■ Information supplied ■
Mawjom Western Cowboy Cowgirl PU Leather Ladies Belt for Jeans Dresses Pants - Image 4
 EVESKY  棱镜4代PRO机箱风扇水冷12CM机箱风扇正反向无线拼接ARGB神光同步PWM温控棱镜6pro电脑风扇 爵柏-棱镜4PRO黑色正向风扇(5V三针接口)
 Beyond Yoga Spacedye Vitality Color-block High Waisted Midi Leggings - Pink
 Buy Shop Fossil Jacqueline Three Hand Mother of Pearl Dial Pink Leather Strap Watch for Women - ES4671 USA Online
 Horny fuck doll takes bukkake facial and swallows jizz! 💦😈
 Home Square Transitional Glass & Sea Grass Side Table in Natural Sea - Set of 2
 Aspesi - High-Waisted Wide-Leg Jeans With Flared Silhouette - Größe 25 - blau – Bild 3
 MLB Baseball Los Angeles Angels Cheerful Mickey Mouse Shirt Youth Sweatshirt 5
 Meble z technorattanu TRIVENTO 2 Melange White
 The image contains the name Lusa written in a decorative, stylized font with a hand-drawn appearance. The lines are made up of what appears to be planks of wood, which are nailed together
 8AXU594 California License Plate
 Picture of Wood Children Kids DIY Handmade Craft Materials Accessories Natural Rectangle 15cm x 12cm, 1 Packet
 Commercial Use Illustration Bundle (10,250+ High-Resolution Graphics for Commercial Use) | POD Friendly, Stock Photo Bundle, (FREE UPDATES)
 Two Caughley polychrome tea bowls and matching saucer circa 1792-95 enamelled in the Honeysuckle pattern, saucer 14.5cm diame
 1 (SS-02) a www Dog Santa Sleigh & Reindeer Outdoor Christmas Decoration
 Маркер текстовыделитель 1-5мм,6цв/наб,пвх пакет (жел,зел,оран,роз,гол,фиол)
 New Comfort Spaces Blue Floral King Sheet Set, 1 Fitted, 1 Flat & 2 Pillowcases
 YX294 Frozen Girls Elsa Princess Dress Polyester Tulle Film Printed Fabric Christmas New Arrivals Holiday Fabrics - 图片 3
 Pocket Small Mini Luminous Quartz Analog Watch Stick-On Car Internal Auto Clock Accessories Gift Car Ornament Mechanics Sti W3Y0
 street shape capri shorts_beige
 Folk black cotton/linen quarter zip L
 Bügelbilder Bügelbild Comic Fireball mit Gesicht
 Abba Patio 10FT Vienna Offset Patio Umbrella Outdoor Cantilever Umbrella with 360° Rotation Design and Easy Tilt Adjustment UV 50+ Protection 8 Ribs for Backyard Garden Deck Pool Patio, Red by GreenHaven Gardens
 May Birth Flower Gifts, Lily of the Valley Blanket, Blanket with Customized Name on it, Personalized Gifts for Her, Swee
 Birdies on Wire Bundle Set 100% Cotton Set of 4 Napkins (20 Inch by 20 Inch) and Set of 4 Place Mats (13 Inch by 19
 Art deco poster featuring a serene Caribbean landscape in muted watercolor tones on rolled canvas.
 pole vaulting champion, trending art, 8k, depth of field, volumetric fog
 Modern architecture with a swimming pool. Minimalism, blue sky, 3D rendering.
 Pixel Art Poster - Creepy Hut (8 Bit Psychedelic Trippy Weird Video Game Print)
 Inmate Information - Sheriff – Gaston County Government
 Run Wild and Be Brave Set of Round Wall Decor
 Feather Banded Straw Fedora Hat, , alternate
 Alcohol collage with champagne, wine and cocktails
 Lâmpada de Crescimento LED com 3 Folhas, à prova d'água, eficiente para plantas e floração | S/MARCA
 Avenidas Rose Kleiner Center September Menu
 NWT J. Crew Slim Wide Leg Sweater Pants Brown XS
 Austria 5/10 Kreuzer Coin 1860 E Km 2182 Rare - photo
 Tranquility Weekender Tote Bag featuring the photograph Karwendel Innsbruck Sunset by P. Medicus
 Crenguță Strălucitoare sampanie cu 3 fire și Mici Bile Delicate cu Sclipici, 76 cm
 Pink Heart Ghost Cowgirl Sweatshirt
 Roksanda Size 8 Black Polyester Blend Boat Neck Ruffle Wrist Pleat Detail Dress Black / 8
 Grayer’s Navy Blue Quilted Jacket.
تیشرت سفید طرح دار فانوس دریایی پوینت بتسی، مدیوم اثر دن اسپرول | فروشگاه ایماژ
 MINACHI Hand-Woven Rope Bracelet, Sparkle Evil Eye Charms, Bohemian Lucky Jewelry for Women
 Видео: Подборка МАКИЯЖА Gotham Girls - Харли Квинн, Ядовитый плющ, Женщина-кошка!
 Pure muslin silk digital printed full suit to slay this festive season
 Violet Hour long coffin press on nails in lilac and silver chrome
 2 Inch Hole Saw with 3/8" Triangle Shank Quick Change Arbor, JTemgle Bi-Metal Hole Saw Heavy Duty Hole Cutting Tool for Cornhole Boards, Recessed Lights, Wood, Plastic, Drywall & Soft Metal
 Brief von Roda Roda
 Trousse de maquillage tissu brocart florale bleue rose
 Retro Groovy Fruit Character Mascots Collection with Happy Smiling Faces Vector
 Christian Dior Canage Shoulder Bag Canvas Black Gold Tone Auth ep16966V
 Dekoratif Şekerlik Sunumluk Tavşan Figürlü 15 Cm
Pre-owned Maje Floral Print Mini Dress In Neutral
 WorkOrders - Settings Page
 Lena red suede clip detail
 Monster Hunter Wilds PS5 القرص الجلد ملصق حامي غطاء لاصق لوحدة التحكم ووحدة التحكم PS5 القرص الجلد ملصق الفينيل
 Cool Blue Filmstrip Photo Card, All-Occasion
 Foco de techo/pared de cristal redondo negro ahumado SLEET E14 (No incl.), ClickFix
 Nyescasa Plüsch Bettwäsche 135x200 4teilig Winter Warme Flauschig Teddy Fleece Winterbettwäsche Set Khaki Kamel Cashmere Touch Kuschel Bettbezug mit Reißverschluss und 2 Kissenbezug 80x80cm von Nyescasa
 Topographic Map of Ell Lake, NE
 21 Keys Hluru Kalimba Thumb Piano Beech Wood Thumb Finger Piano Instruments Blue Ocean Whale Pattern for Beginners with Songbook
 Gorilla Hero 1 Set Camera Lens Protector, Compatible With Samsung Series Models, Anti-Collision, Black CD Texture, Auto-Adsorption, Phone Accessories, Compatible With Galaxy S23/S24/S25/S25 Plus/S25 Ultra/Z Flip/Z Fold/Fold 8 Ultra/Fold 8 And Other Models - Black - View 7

■ Your assignment ■
Begin at the line that has "MLB Baseball Los" in the entries above; stop after the line that has "Commercial Use Illustration". Transcribe exactly those lines and no others.

■ Response area ■
 MLB Baseball Los Angeles Angels Cheerful Mickey Mouse Shirt Youth Sweatshirt 5
 Meble z technorattanu TRIVENTO 2 Melange White
 The image contains the name Lusa written in a decorative, stylized font with a hand-drawn appearance. The lines are made up of what appears to be planks of wood, which are nailed together
 8AXU594 California License Plate
 Picture of Wood Children Kids DIY Handmade Craft Materials Accessories Natural Rectangle 15cm x 12cm, 1 Packet
 Commercial Use Illustration Bundle (10,250+ High-Resolution Graphics for Commercial Use) | POD Friendly, Stock Photo Bundle, (FREE UPDATES)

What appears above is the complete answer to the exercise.